= Giuseppe Mattia Borgnis =

Italian painter

Giuseppe Mattia Borgnis (1701–1761) was an Italian painter and architect.

==Biography==
Born to a family of limited means, he apprenticed in Craveggia, his birthplace, with a painter, from about 1710 to 1716. He was then sent to Bologna, then Venice, where he was strongly influenced by the painters Giuseppe Maria Crespi and Giovanni Battista Piazzetta. By the age of 19 he had returned to Craveggia. By the age of 25 he had joined the studio of Andrea Dell'Angelo. Among Borgnis' pupils was Giuliano Da Parma and two of his sons, Giovanni (born 1728) and Pietro Maria (born 1743).

He was known for painting local sacred subjects including Villette, Baceno, Vocogno, Trontano, Crana, Smeglio, (Mozzio) Coimo, Viganella, Montecrestese, Varzo, Trasquera, Bugliaga, Cattagna, Domodossola, Antrona Schieranco, Vocogno, Cimalmotto, Trontano, Simplon, Campo Valmaggia, Cevio Valmaggia, Prestinone, and Druogno. From 1752 to 1755 he searched for work in Paris and London. Soon after, on 12 October 1761, he died in London of causes unknown. It is thought that he perhaps died of a fall from a scaffold. His children traveled to England to complete some of his works.

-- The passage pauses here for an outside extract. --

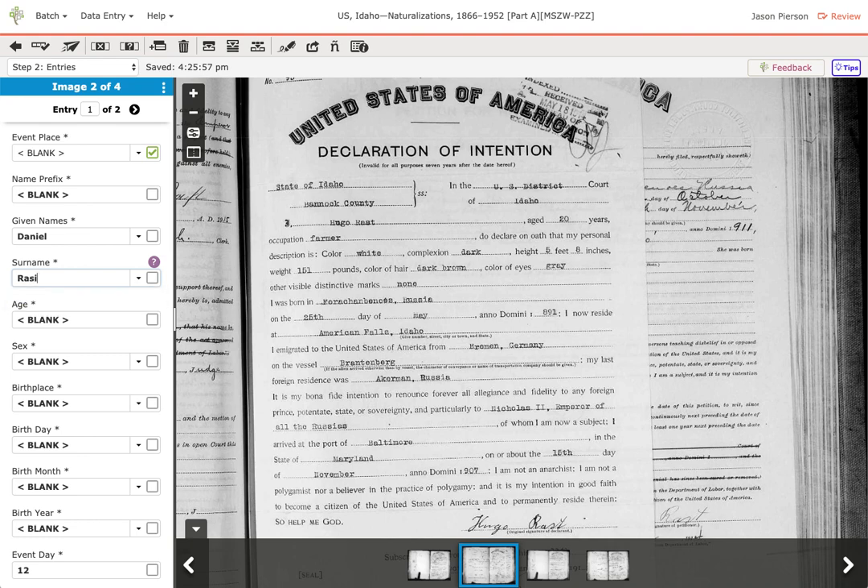Let's say I find a name isn't correct — if it should really be 'RASI', I change it and tab to the next field, and I get the red revert icon, telling me I've made a change. As I keep going through, I get green check marks on the other fields. If I look back and think they were actually right originally and want to check again, I can click the red revert arrow. It removes the arrow and check mark and puts it back to what the user originally typed.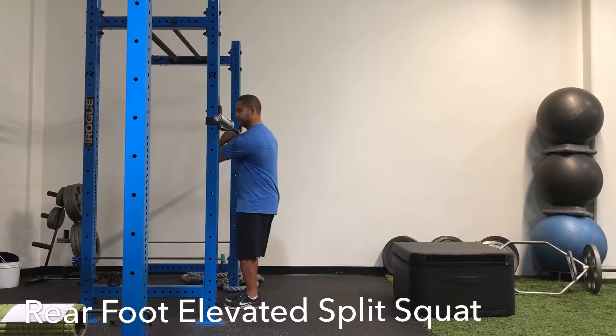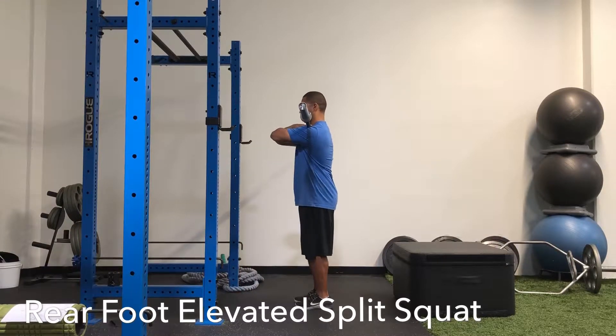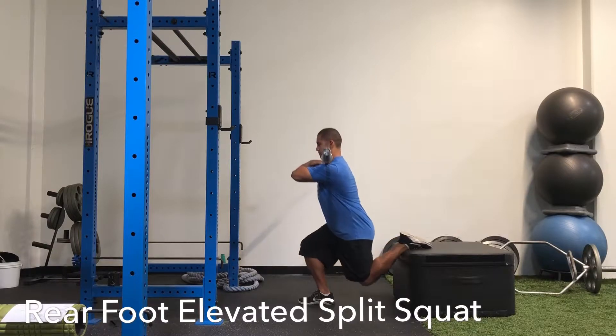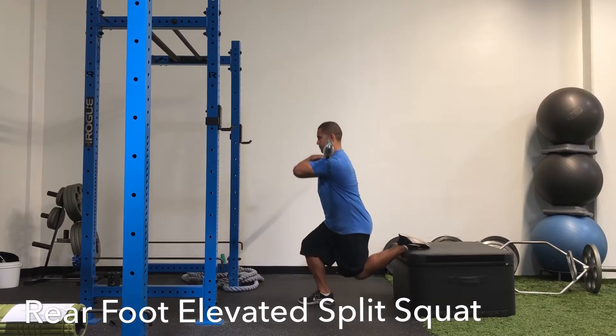Here we have a front rack position, rear foot elevated split squat. You want to take your barbell and place it across the front of your shoulders. You want your elbows to stay parallel with the floor. You're going to place your back foot on top of a box, bend both knees to come straight down, then push through that front foot to come back up.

His masterpieces include frescoes and canvases (1723–1727) done for the parish church of Santa Maria Maggiore. He also painted for the Oratory of Gabbio in Malesco and the Oratory of the Madonna del Sasso di Orasso. He painted in the parish church of Campo di Valle Maggia (1748). In England, he painted ceilings and other interior decor for the country house of Sir Francis Dashwood at West Wycombe Park, near London.